Finding infected people is a significant obstacle to reducing the transmission of the severe acute respiratory syndrome coronavirus 2 (SARS-CoV-2).

Now, Japanese researchers have come up with a new antibody-based approach that does not require a blood sample for the quick and reliable detection of SARS-CoV-2.

The inability to find people infected with SARS-CoV-2 has made it hard for the world to respond to the COVID-19 pandemic, and the high rate of asymptomatic infections (16–38%) has made things even worse.

As of now, swabbing the nose and throat to obtain samples is the most common detection approach. The long detection time (4-6 hours), high cost, and need for specialist equipment and medical professionals, particularly in countries with limited resources, limit the implementation of this procedure.

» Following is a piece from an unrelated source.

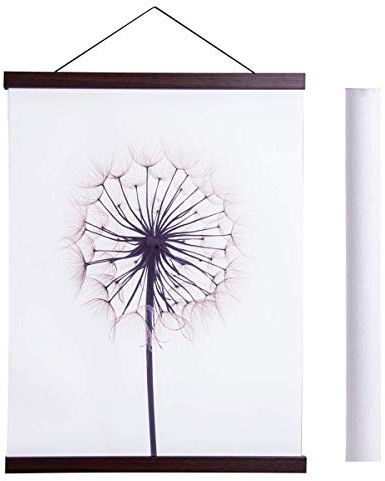Sanauto A2 magnetisk affischhängare ram, lätt träram hängare för foto picutre canvas konstverk konst stor storlek väggkarta tryck vägghängande (42 cm/16,5 tum, valnöt)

Antibody detection against SARS-CoV-2 is an additional and useful tool for confirming COVID-19 infection. In several nations, gold nanoparticle-based testing strips are widely used for point-of-care diagnostics.

They take 10–20 minutes to yield sensitive and trustworthy results, but they need blood samples that are taken by a finger prick using a lancing instrument. This hurts and raises the possibility of infection or cross-contamination, and the components of the used kit may provide a biohazard risk.

In this study, in order to develop a minimally invasive detection assay that would avoid these drawbacks, lead author Leilei Bao from the Institute of Industrial Science at The University of Tokyo, investigated the idea of sampling and testing the interstitial fluid (ISF), which is found in the epidermis and dermis layers of human skin. 

“Although the antibody levels in the ISF are approximately 15%–25% of those in blood, it was still feasible that anti-SARS-CoV-2 IgM/IgG antibodies could be detected and that ISF could act as a direct substitute for blood sampling.”

After proving that ISF could be used for antibody detection, the researchers devised a novel method for sampling and testing the ISF.

Beomjoon Kim, the senior author, adds, “first, we developed biodegradable porous microneedles made of polylactic acid that draws up the ISF from human skin”. Then, they created “a paper-based immunoassay biosensor for the detection of SARS-CoV-2-specific antibodies”.

The researchers combined these two components to produce a small patch that can detect antibodies on-site in 3 minutes (result from in vitro tests).

This new device could be used to quickly screen for COVID-19 and many other infectious diseases in a way that is safe and good for patients. It could be used in many countries, no matter how rich they are, which is a key goal of managing infectious diseases around the world.